Naudia Marie has "supermodel soles". They could wear a size -1 sundress and walk down the runway looking 6 soles tall. And what a "mid-body" her high bend makes! If you have no idea what I am chatting about, educate yourself by visual idolize of Naudia Marie's uber-cute soles.
Elena and Ariel aren't fuckin' about over here: they're girls that know exactly what they want out of a sexual liaison and they know just what to do to get it. These 2 youthful breezies aren't looking for any deep dicing, however; these damsels are in hurry to submerge their faces in each other's poons while also luving a mouthhole of appetizing toes! Not every female needs a stud and these women are blessed to prove it to you and to each other. There's no need for a prick if you want to be boinked, not when you have a fine looking gf that's willing to stick her toes into the knob's congenital habitat!

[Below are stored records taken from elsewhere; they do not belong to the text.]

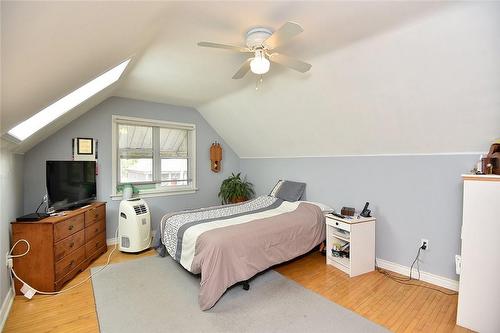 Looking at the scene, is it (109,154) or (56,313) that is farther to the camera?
(109,154)

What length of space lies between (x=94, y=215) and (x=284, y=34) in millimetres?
3390

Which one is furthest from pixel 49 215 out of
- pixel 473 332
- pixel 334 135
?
pixel 473 332

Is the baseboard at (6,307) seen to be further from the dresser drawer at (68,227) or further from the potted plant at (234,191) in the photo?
the potted plant at (234,191)

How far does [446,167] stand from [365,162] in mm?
890

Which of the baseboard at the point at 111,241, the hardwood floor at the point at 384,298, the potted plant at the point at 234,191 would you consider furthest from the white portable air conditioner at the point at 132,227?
the hardwood floor at the point at 384,298

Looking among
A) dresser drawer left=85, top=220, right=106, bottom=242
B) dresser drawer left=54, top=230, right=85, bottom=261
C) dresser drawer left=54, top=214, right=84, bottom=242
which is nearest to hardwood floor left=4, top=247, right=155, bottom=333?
dresser drawer left=54, top=230, right=85, bottom=261

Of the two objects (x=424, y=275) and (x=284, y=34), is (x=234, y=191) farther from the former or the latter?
(x=284, y=34)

Lee's relatively fresh to these pages and that means only one thing- new meat. Which also means, as far as we're worried, Lee could be standing on her head, reciting the pledge of devotion and gargling smoke rings out of her caboose, whatever. We'd be soiling the forearms of our mitts in appreciation of her consummate corporal abilities. 'Cause it's awesome what a fresh lady and a fresh assets can do for one's crappy, jaded psyche. Blessed to say, tho', eighteen-yr-old Lee brings much more to the table besides being just another pretty face we could skull nail and leave behind. In this pin, Lee taunts us with her soles. Sure, we've seen a lot of stinkin', corroded butthole in our lifetime but linger enthralled when it comes to a bare bend and a pretty smile. We think we'll wank off to Lee. We owe her that much.

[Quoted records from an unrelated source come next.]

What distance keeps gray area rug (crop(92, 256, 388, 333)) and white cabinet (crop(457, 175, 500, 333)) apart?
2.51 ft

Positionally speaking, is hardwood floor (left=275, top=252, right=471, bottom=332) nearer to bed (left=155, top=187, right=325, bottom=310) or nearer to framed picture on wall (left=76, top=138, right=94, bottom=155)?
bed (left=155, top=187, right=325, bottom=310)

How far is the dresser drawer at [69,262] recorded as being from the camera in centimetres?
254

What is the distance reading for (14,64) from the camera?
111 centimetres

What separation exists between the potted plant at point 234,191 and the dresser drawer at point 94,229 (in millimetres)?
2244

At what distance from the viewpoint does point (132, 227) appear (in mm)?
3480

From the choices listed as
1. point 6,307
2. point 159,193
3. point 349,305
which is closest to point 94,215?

It looks like Presley learned a lil' something from her neighbor Cindy Snow. Periodically the secret to dude's heart (and a fellow's man meat) is by knowing just how to rock a pleated mini-skirt. Presley, tho, chooses a much more overt treatment to temptation. Where Cindy would kittle and taunt, Presley chooses instead to club you over the head with her horny nature and then haul you off to a comfy couch in order to use you as she watches fit. Both are highly valid approaches in our book! The one additional step that Presley is going to take is, fairly literally, a step: Presley loves to get her pretty soles all over the hard-on of whichever fellow was successful enough to be dragged into her bedroom. Those soles weren't just made for walking, they were made for masturbating and wanking and wringing. But don't let her do all the work! Sense free to take her by the ankles and handle her feet just like any other slot on her assets. Just, you know, make sure you glaze her toes when you're prepped to inhale!

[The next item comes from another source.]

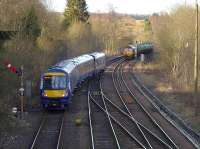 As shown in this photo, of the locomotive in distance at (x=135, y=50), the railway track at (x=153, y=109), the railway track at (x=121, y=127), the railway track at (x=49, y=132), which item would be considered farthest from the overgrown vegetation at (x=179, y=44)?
the locomotive in distance at (x=135, y=50)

We would have guessed at least a 7.five,but Tawny Roberts, we're informed, is a solid 7 in the sole department. Here are some other Tawny joy sole facts you may not know: she saves her phat toes for last when painting her pokes and occasionally uses her clippings to neat inbetween her teeth when toothpicks or floss aren't available. Of course we jest. We'll tell you one thing, tho', for sure. When Tawny punches her footwear off, you're gonna observe a pair of soles that will have your brain doing multiplication tables in Asian and your tongue speaking in word salad. Thusly, Tawny turns her studs into gobbledygook and mush. Plus the fact is, this doll knows how to heighten the anxiety factor with the phat taunt. The thicker the wait, the larger the fountain. So, sit back, loosen, see the display and observe if you can hold it in. We earnestly doubt it.